### [DATASET EXCERPTS]
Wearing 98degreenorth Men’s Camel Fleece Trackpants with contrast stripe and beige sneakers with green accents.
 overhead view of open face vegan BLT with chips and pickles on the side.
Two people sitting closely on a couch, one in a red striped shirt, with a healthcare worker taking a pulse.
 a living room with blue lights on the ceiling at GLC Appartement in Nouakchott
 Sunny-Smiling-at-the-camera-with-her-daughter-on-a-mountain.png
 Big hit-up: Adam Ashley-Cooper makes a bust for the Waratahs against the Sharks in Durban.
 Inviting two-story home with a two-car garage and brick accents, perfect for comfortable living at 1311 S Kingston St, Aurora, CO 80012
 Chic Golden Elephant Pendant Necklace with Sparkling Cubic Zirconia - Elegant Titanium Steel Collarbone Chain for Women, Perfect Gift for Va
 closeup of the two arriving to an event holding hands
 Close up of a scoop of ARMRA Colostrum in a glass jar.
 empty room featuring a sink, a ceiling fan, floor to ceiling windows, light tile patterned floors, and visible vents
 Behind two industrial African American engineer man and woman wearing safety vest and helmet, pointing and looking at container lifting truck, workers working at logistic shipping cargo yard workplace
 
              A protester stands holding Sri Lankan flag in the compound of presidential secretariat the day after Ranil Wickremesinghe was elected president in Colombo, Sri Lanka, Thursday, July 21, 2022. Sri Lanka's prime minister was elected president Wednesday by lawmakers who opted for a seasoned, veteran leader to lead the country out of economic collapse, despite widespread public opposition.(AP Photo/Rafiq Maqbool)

### [WORK TO COMPLETE]
Only the lines from the one containing "Chic Golden Elephant" through the end of the material should be copied, exactly as they stand; please keep both ends.

### [SOLUTION TO THIS EXERCISE]
 Chic Golden Elephant Pendant Necklace with Sparkling Cubic Zirconia - Elegant Titanium Steel Collarbone Chain for Women, Perfect Gift for Va
 closeup of the two arriving to an event holding hands
 Close up of a scoop of ARMRA Colostrum in a glass jar.
 empty room featuring a sink, a ceiling fan, floor to ceiling windows, light tile patterned floors, and visible vents
 Behind two industrial African American engineer man and woman wearing safety vest and helmet, pointing and looking at container lifting truck, workers working at logistic shipping cargo yard workplace
 
              A protester stands holding Sri Lankan flag in the compound of presidential secretariat the day after Ranil Wickremesinghe was elected president in Colombo, Sri Lanka, Thursday, July 21, 2022. Sri Lanka's prime minister was elected president Wednesday by lawmakers who opted for a seasoned, veteran leader to lead the country out of economic collapse, despite widespread public opposition.(AP Photo/Rafiq Maqbool)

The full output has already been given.